_Work order_
Copy the lines below, please, starting with the one that contains "Dolce Gabbana Heels" and ending with the last. Pictures stay out.

◆ ◆ ◆

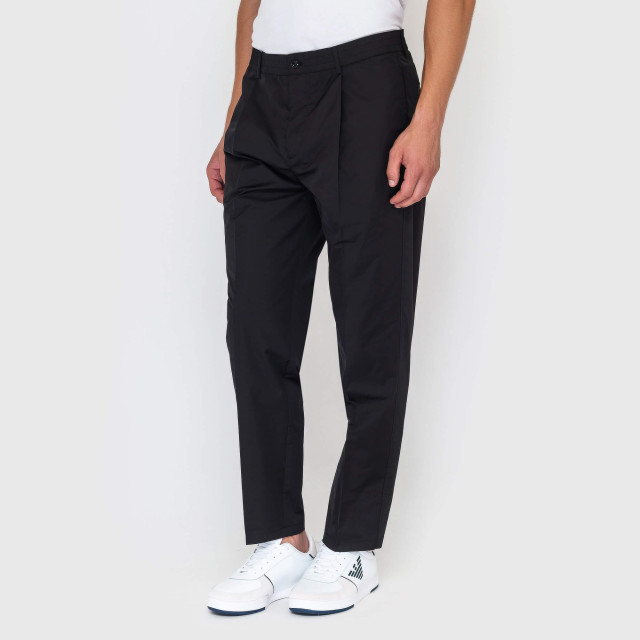Брюки Emporio Armani
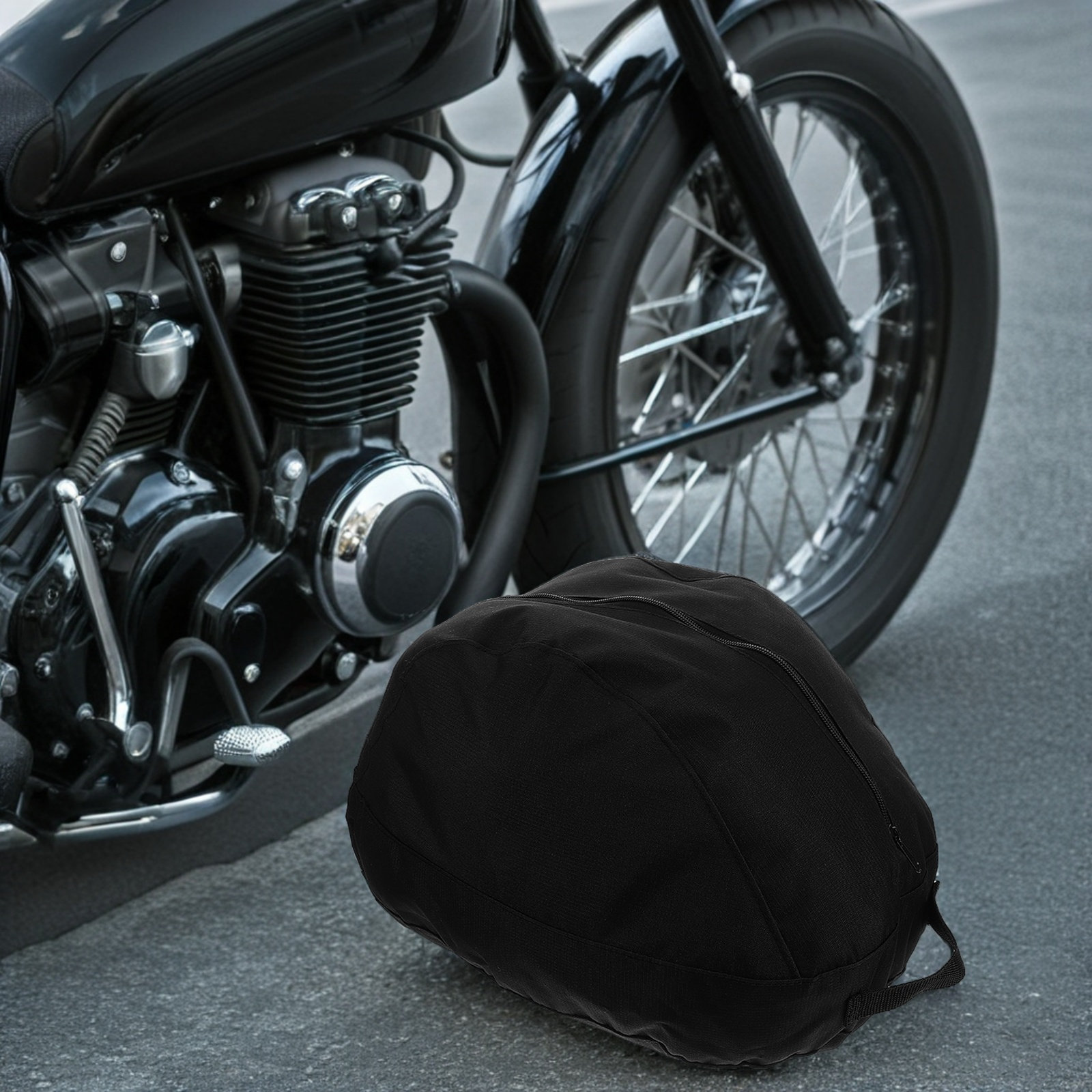 กระเป๋าเก็บของแบบพกพา ทำจากโพล - Cycling Gear Travel Bag บทวิจารณ์และราคา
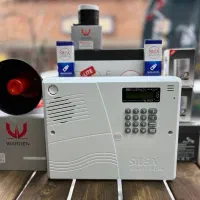 دزدگیر اماکن دوربین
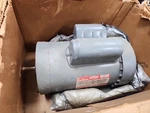 Dayton 6K702M 1.5HP Capacitor Start Motor. Fixed Price $275.99.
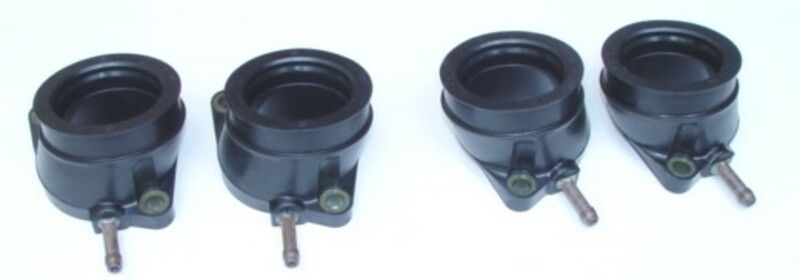 Kit tubos de admisión 4PCS FZS600 Fazer '98-02 CHY-45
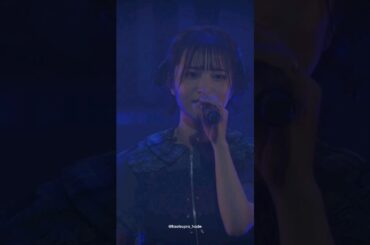 26時のマスカレイド「トルマリン」 #トルマリン #26時のマスカレイド #ニジマス #Torumarin #Shorts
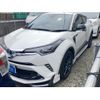 toyota c-hr 2019 -TOYOTA--C-HR DAA-ZYX10--ZYX10-2160374---TOYOTA--C-HR DAA-ZYX10--ZYX10-2160374- image 2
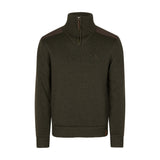 Seeland - Haze Windbreaker Strik-1-XtraGrej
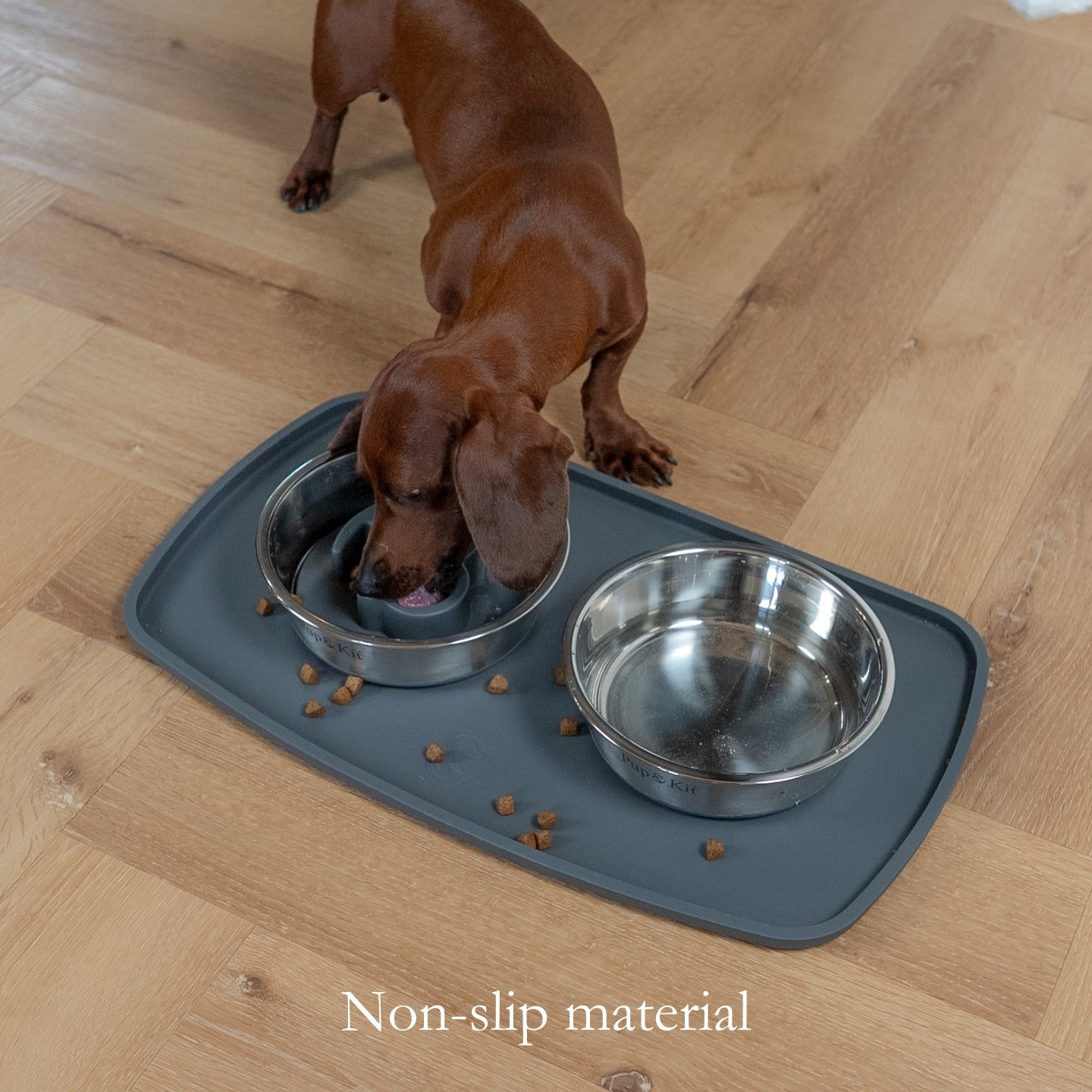 Silicone Feeding Placemats
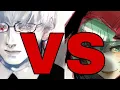 Eto vs Arima AMV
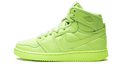 Air Jordan 1 Retro AJKO Billie Eilish Ghost Green (Women's) DN2857-330 — Vista 1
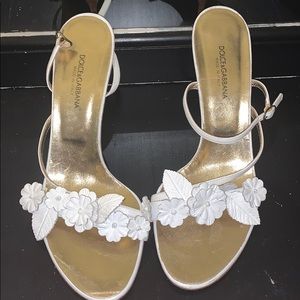 Dolce Gabbana Heels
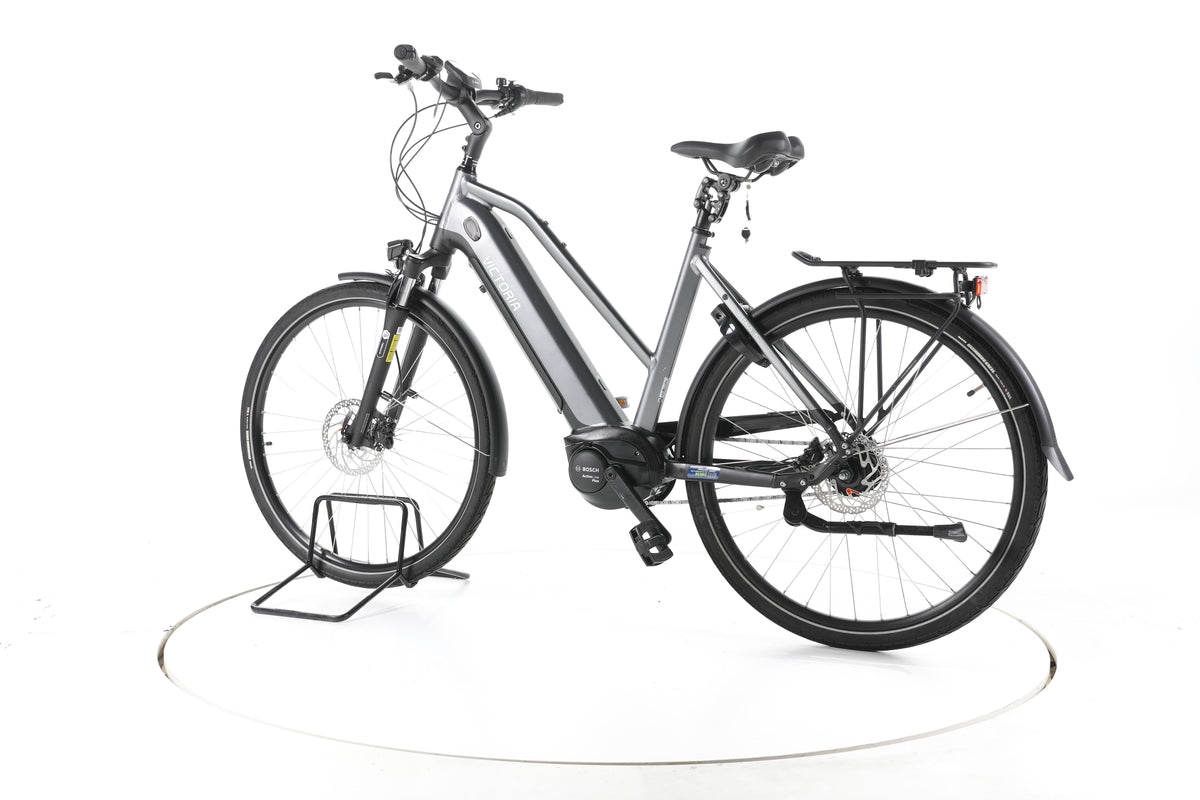 Victoria Tresalo 11 City E-Bike - Image 8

◆ ◆ ◆

_Response_
 Dolce Gabbana Heels
 Victoria Tresalo 11 City E-Bike - Image 8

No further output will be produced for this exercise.